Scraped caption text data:
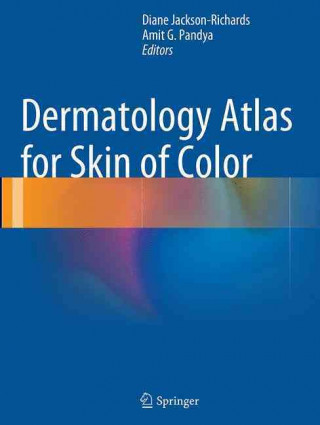 Carte Dermatology Atlas for Skin of Color Diane Jackson-Richards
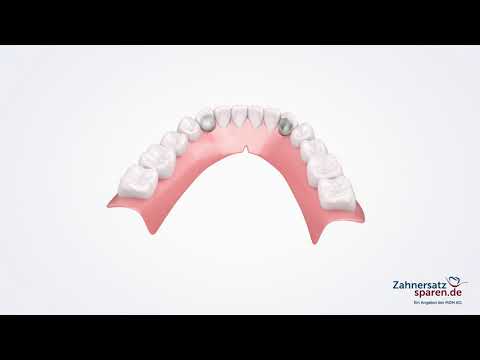 Behandlungsablauf: Coverdenture - Zahnersatzsparen.de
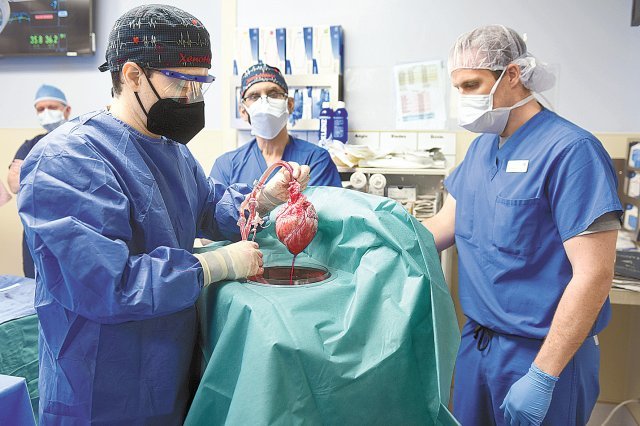 미국 메릴랜드대 의료진이 7일 세계 최초로 유전자 조작 돼지의 심장을 인간에게 이식하는 수술을 진행하면서 유전자를 교정한 돼지의 심장을 들어 보이고 있다. 메릴랜드대 의대 제공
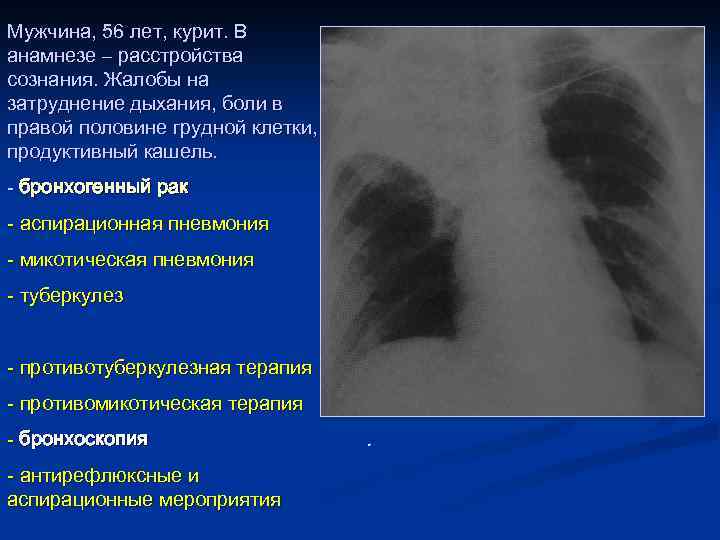 Мужчина, 56 лет, курит. В анамнезе – расстройства сознания. Жалобы на затруднение дыхания, боли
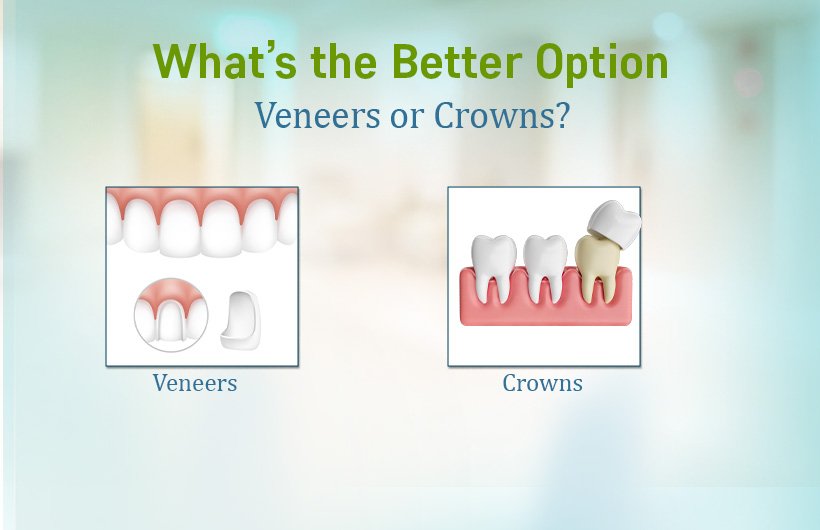 Veneers vs. Crowns: Which Is the Best Choice?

Exercise brief:
Pictures should be omitted. Please return exactly the lines from the line that holds "Мужчина, 56 лет, курит." through the end of the records.

Result of this task:
 Мужчина, 56 лет, курит. В анамнезе – расстройства сознания. Жалобы на затруднение дыхания, боли
 Veneers vs. Crowns: Which Is the Best Choice?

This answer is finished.